The listing is to be repeated exactly, and its pictures are to be left out.

*** Data extract ***

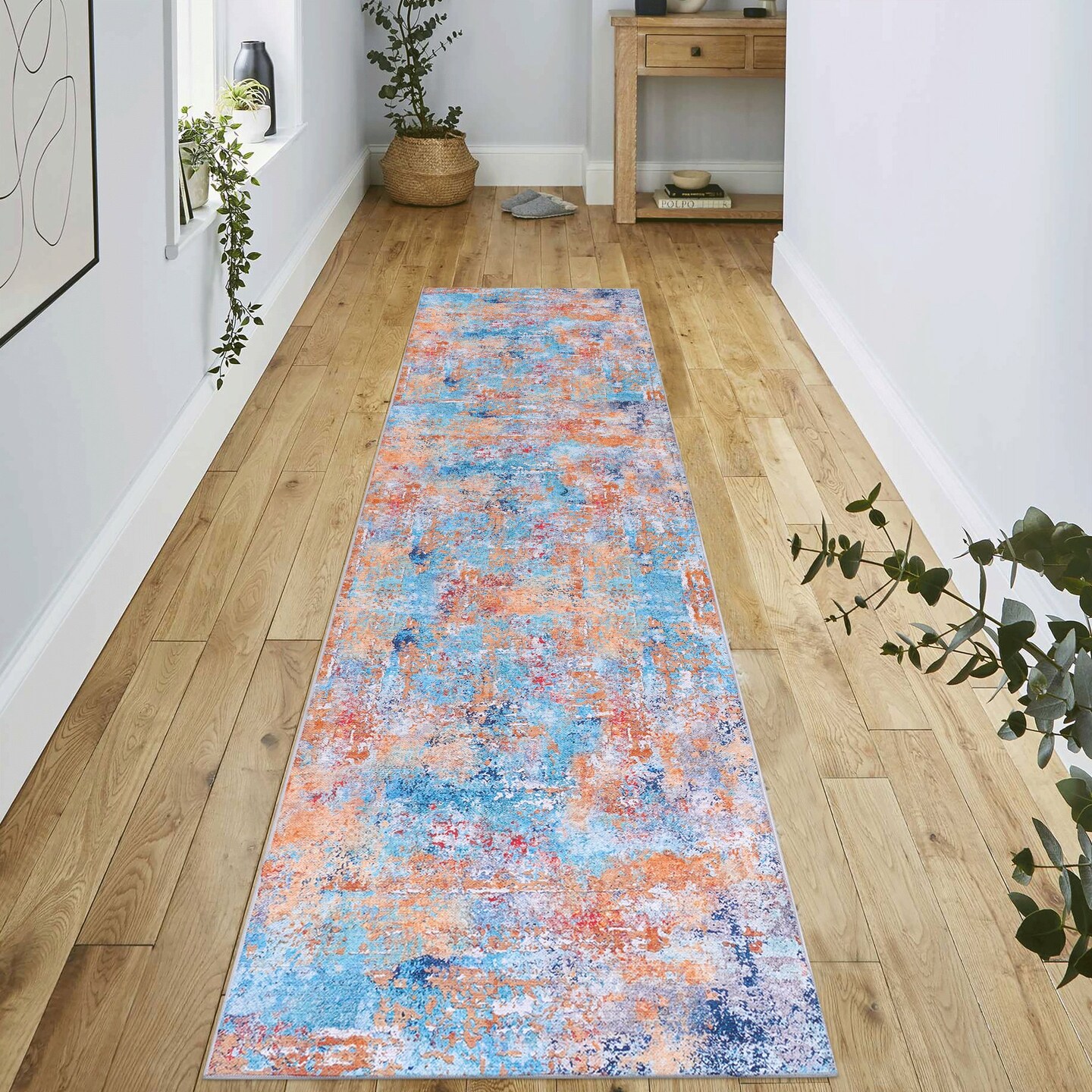 Edge Collections - 2'6'' x 10' - Multicolor - Home Essentials Washable Area Rug Low-Pile Non-Slip Kid & Pet Friendly - 1 Piece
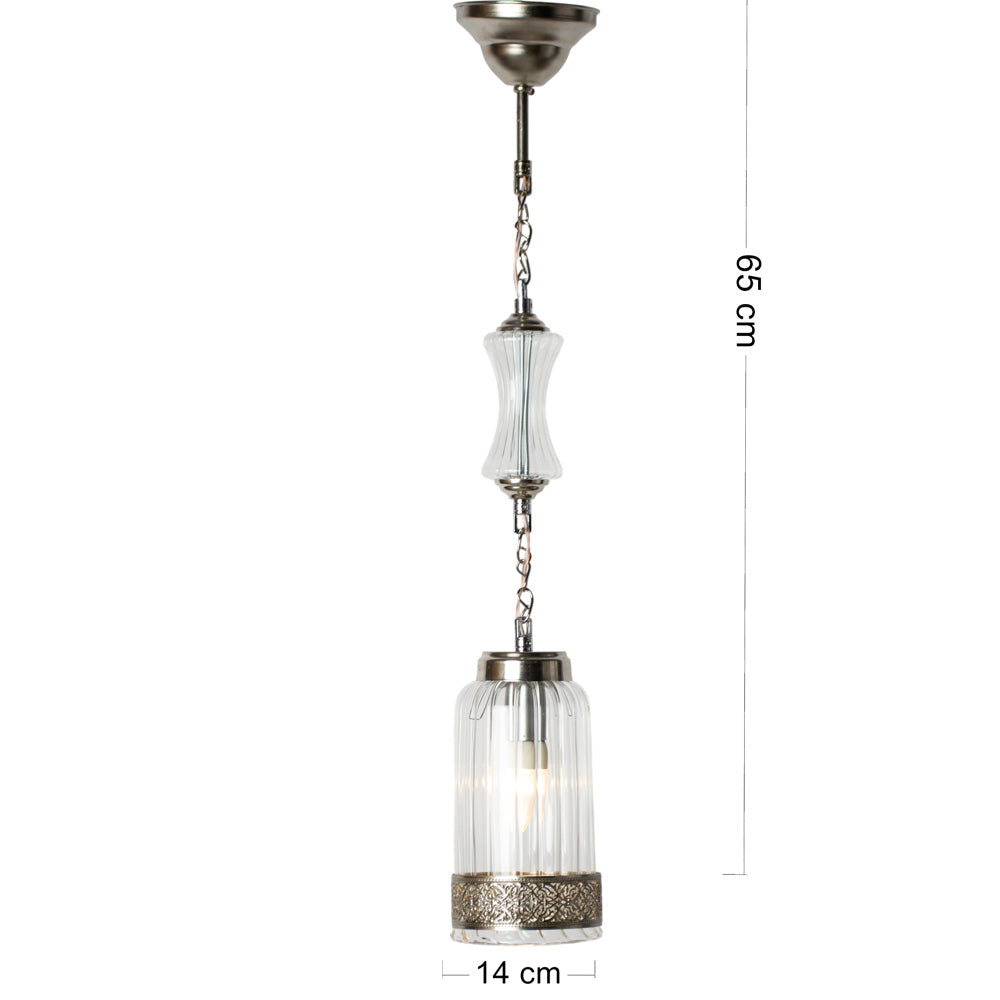 Arabesque Pendant, 1 Lights, Copper, 14×65cm - Silver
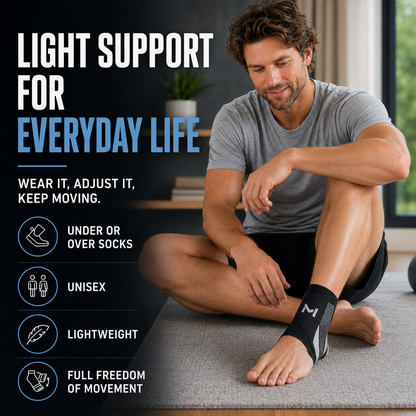 Adjustable Ankle Support Sleeve with Nylon Spandex and Polyester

*** End of Data extract ***

» **Solution**
 Edge Collections - 2'6'' x 10' - Multicolor - Home Essentials Washable Area Rug Low-Pile Non-Slip Kid & Pet Friendly - 1 Piece
 Arabesque Pendant, 1 Lights, Copper, 14×65cm - Silver
 Adjustable Ankle Support Sleeve with Nylon Spandex and Polyester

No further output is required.